This feels a significant win for Jos Buttler and Matthew Mott, the post-Morgan captain and coach. They were blown away in the first two T20s last week, but won a dead rubber when India rested their top bowlers. Now, against a full strength India side, with the series on the line after a heavy defeat, they toughed out a victory, by 100 runs.
Then the pair provided the perfect start to the defence, bowling four maidens up top. Topley dismissed the openers, Rohit Sharma and Shikhar Dhawan, then Willey had Virat Kohli – who looked in ominous form – caught behind. When Brydon Carse followed up with the wicket of Rishabh Pant in the 12th over, India were 31 for four, and the game was all but over.
Topley would return, twice, and pick up a wicket in the opening over of his spell. First, came the big scalp of Suryakumar Yadav, then Mohammed Shami, whose slogging was beginning to irritate England at the top of a long tail. Next ball, Liam Livingstone, with his first delivery of the match, bowled Ravindra Jadeja to truly end India’s hopes.
Topley completed his maiden international five-wicket haul by skidding one through Yuzvendra Chahal’s defence, then finished he job by bowling Prasidh Krishna. He finished with remarkable figures of 9.5-2-24-6, the best ODI figures for England and the best by any bowler in an ODI at Lord’s.
Having been asked to bat first again, England’s 246, bowled out with an over to spare, was a disappointment. But it represented a decent recovery from 102 for five, with their top five gone, at which point they were threatening another meltdown of the sort we saw at the Kia Oval on Tuesday. Then, they were skittled for 110 and lost by 10 wickets. This time, they started better and scrambled harder.
After four of the top six made ducks last week, England needed a calmer start, and Jason Roy and Jonny Bairstow provided just that. They shared 41 before Roy, who had been skittish once again, picked out the single figure in the deep on the legside off Hardik Pandya.
It was the introduction of Yuzvendra Chahal that sent England, insistent on sweeping, to pieces. Bairstow was bowled bowled, sweeping, then Joe Root was plumb in front. For a while, Ben Stokes’ reverse sweeping worked very well, but he was soon lbw too and, like Root, took a review with him.

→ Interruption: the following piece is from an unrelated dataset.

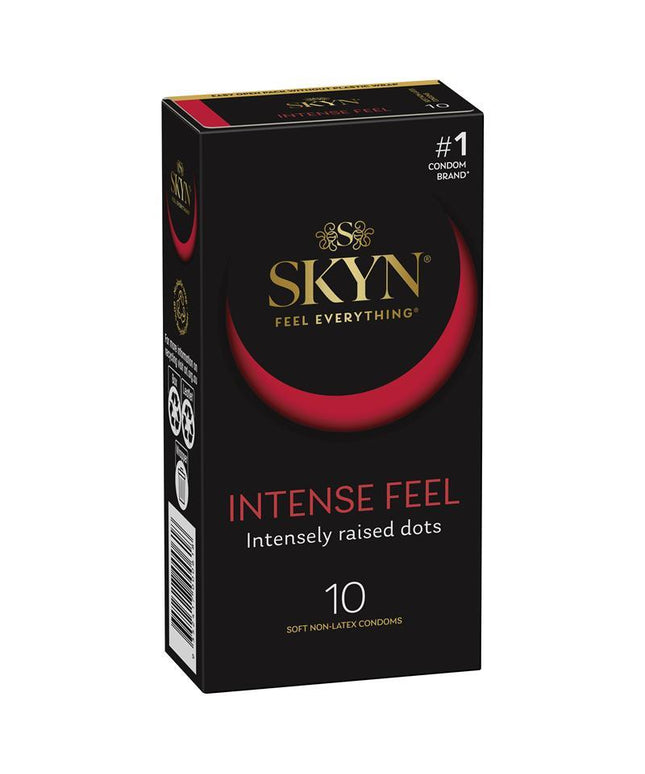 SKYN® Intense Feel Condoms 10 Pack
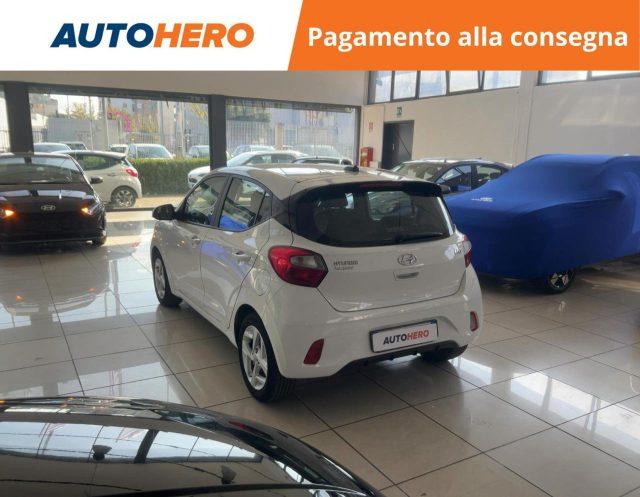 HYUNDAI i10 1.0 MPI Tech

By then, Mohammed Shami, who troubled Roy up top, had returned to bowl Buttler.
Moeen and Liam Livingstone began the rebuild, sharing 46. But Livingstone was drawn into a battle of egos with Pandya, and lost. Having crunchy a pair of brilliant boundaries, four then six, Livingstone took the long boundary on once more and was caught.
That paired Moeen and Willey, who put on 62 from 13 overs, the biggest stand of the match. Each landed two big sixes, before being caught on the fence. A few flays and slogs from the tail added a final few runs that felt vital. In truth, England already had enough.